- _AIM OF THE EXERCISE_
Could you retype the records word for word but without any pictures?

^^^^^^^^^^^^^^^^

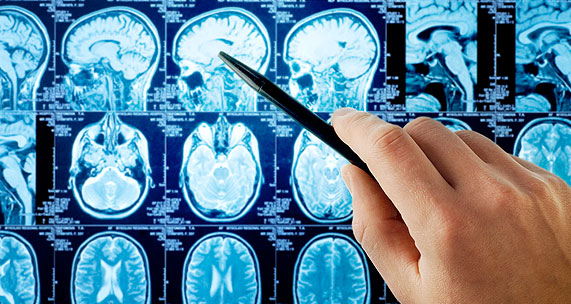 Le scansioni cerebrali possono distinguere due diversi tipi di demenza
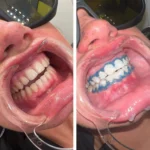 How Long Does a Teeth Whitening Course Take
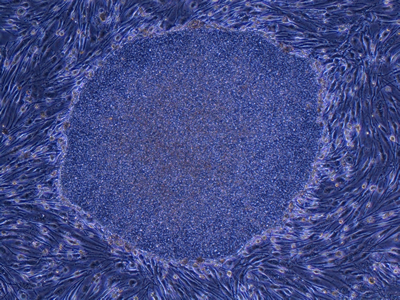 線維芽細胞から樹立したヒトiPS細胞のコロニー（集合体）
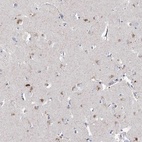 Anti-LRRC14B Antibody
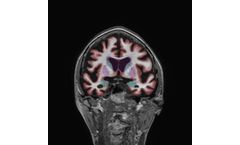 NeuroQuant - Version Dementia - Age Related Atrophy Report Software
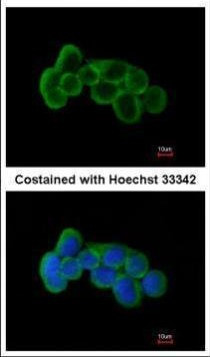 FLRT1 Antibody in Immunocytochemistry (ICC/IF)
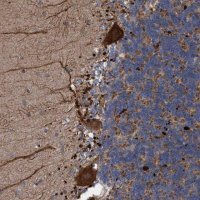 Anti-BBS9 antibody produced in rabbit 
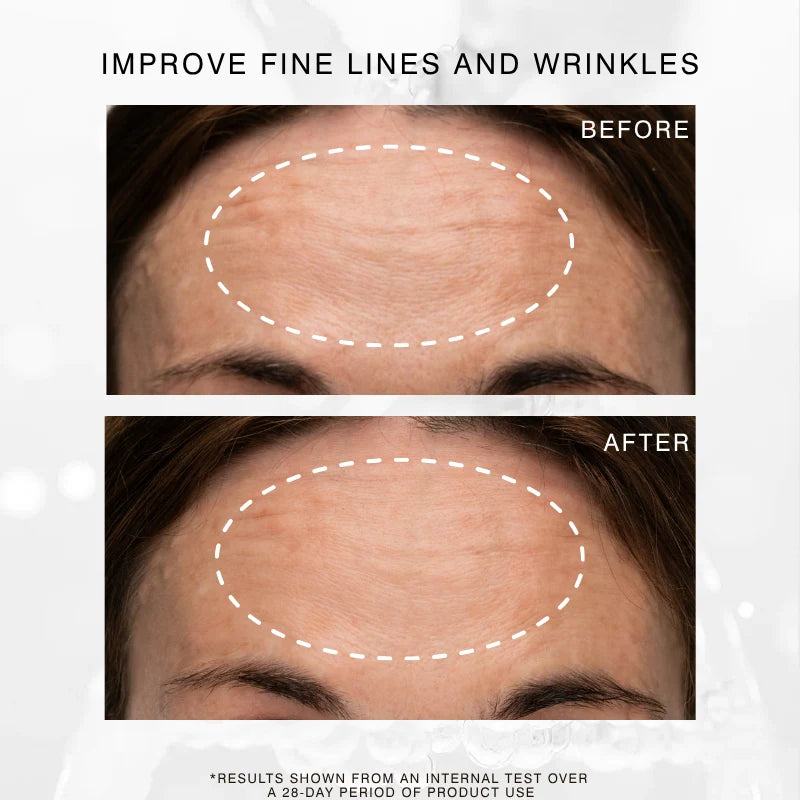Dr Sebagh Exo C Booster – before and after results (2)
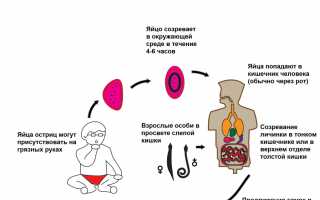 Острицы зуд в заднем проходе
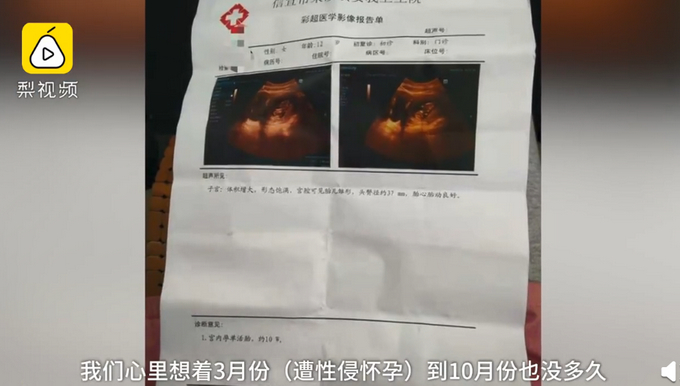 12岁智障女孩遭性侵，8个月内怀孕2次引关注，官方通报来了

^^^^^^^^^^^^^^^^

- _EXERCISE ANSWER_
 Le scansioni cerebrali possono distinguere due diversi tipi di demenza
 How Long Does a Teeth Whitening Course Take
 線維芽細胞から樹立したヒトiPS細胞のコロニー（集合体）
 Anti-LRRC14B Antibody
 NeuroQuant - Version Dementia - Age Related Atrophy Report Software
 FLRT1 Antibody in Immunocytochemistry (ICC/IF)
 Anti-BBS9 antibody produced in rabbit 
Dr Sebagh Exo C Booster – before and after results (2)
 Острицы зуд в заднем проходе
 12岁智障女孩遭性侵，8个月内怀孕2次引关注，官方通报来了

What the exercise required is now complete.